Besides the joy of seeing a former student’s talent bloom, we were proud to curate the first solo exhibition of Jimmy Marble’s photography in France.
Jimmy’s images are so pleasant – full of joy, humour, youth and colors – that is hard to immediately perceive how planned and thought out they are, as emerged when we interviewed him last september, asking how his filmmaking informs his photography, how planned his compositions are, or how much inspiration he derives from the creative community he lives in.
So… what’s so L.A about your work?
Let’s see… I guess your environment shapes what you are doing. When you think of movies in the 60s, in the New Wave, Paris is a character. In Woody Allen’s movies, Manhatan is a character. When I moved to L.A. everyone thought it was a bad idea, but I knew I had to move here. When I got here, it became such a part of my identity, it was the first place where I really felt that I belonged somewhere.
For me, the series L.A.topia is that. I was about to move to New York, I wanted to capture the L.A. that I loved so much. There is something dark about the city. Outwardly, it is bright and colorful, so naturally this side is reflected in my work. But I am trying to think about what is on the other side, to add a level of intrigue, to make my images more emotionnally complicated. The language is simple, but the meaning is complex.
For a film director, how do you feel about the fact that with photography, you have to communicate through a single image?
One thing that has stood out for me among the many young photographers is having a film background, because I approach everything through a narrative viewpoint.
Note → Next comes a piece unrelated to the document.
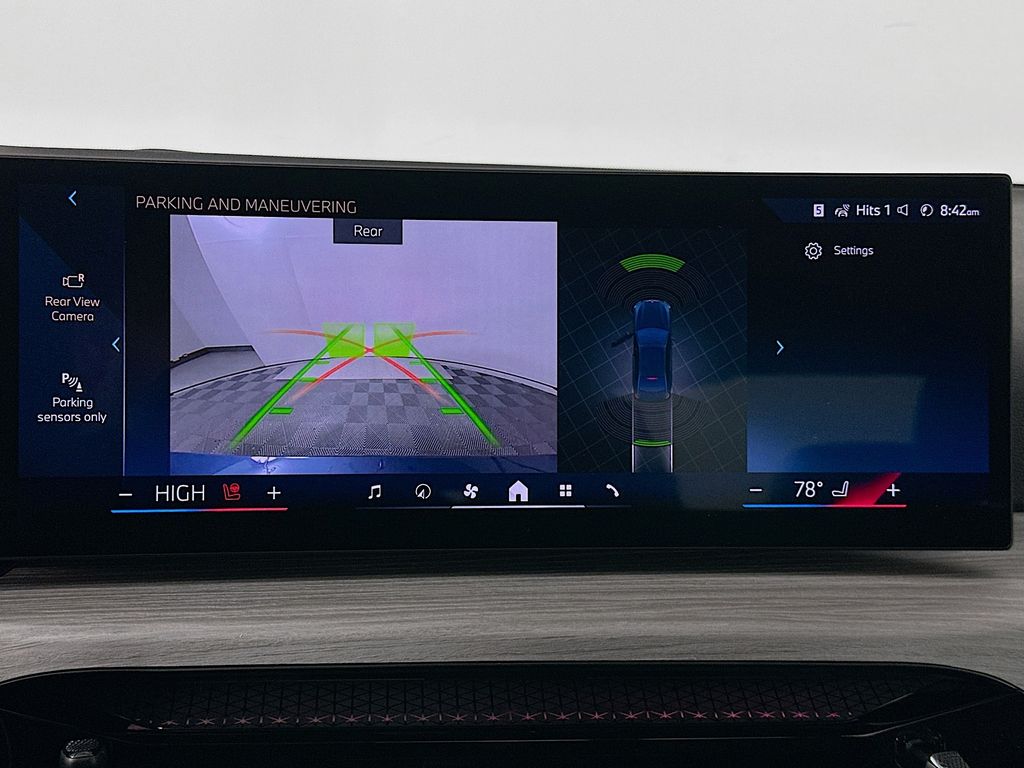 Thumbnail: 2026 BMW 3 Series - 13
Lots of photographers want to capture a moment, a feeling, a composition – and I want that too, but not only.
With film, you are accountable with what comes before and after. With photography, so much is left to imagination.
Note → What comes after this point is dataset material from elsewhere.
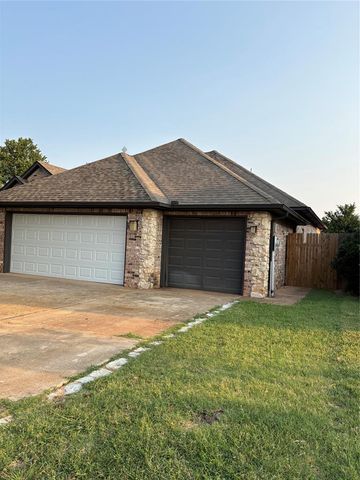 2009 Del Simmons Drive, Edmond, OK 73003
I think photography has made my film-making more visually powerful. But my background in film makes me more attentive to details in photography. I always have some sort of story. I want to capture something mysterious. A story.
You mean you have taken up narrative devices from film?
In film, you have editing, you can create juxtapositions, and you create a language by those means. And in photo, it’s different, the image is isolated but you rely on the fact that people are visually smart. For instance, I treat people as characters; when I don’t do that, the photos fall flat.
You say that most of your photographs are planned beforehand. The initial idea may change during the shoot, but basically, you know beforehand the image you want to shoot. So… where do the initial ideas come from?
I just keep that part of my brain open all the time. Sometimes they show up so clear. Lately my brain has been coming with really clear images. I haven’t shot them all yet. I write them down.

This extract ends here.